Expert opinion


This VACCINE® really works!

On a daily basis, journalists receive endless amounts of letters, e-mails, phone calls or web suggestions. Even pig journalists are no exception.

Often, requests are relatively harmless and most of the time easy to answer. Fields of interest vary sometimes, from some detailed knowledge on sow stall alternatives (question from Canada) to simply 'tell me everything you know about pig production' (Inner Mongolia).

Company news
It gets more complicated when messages reach my desk related to company news. The majority of companies would like to share their plant openings or latest products with Pig Progress and I feel the medium usually allocates space to subjects like these. Both online and in the magazine's Business News section and show reviews, readers and users are kept updated on the industry's latest innovations.

To top that all, when innovations are completely out-of-the-box – and present a concept that has never existed before – or at least not in the memory and vision of the editorial team, we even might turn attention to it in the shape of an article.

So far for the theory.

In practice, in press releases, all new plants are 'state-of-the-art'; companies always are 'world leading'; and every VACCINETM or ANIMAL FEED® is of course always 'highly efficacious' and 'innovative'.

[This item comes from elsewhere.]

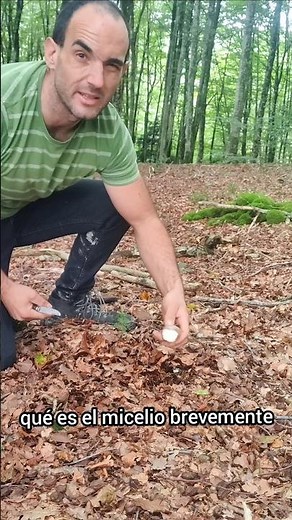 What is Mycelium? The Secret Heart of the Forest and its Importance for Fungi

I understand companies like to promote their products – and I hope this makes you understand the role of a pig journalist a bit better. I prefer to tone down these articles, just to make texts more readable and more credible. I write about modern plants, prefer to place companies among the world's larger ones, write products in lower cast without trade mark signs – and I assume innovative products are efficacious, otherwise they wouldn't have been launched in the first place. Some data to support efficacy are welcomed, but in my perception this should be limited, not to overwhelm or even bore our readers.

And I aim to abide by these guidelines, as well as my job allows me to.

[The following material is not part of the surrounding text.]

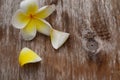 Pink Yellow Plumeria Flowers. Royalty Free Stock Photo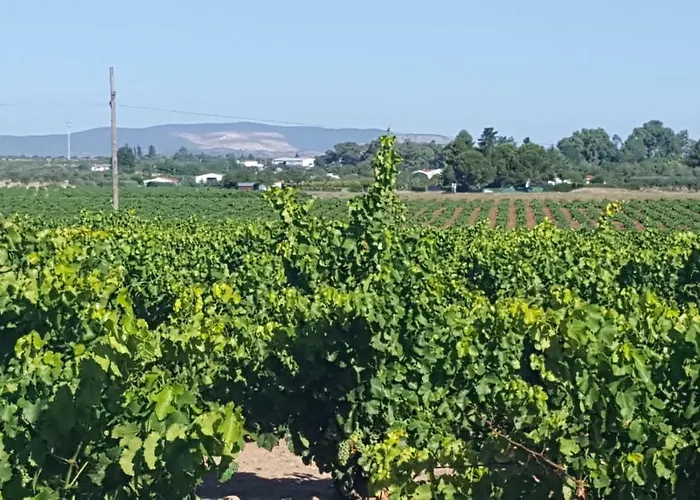 Banos Del Raposo Летний дом Матанегра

It is not a point of view that always goes down well at marketing departments of some industry companies, but it gives me a job. At least, I believed it did.

I understand, however, more and more, that I may overestimate my role of journalist. Companies can get in touch with producers directly through the Web – so I sometimes wonder why still bother editing?

Is there, in 21st century journalism, still a role to play for selecting, toning down and filtering information – and putting these data in a more realistic context? Or should editors just put their feet up, and allow all pig-related information to come to you, readers, in uncontrolled quantities and qualities – and leave it up to you what and how much you'd like to read?

It may not come as a surprise to you that I strongly believe in the first role, as the question touches on the very right of existence of editors – being critical. That role, I feel, is essential to maintain PIG PROGRESS as the world-leading platform of excellence for the global pig industry...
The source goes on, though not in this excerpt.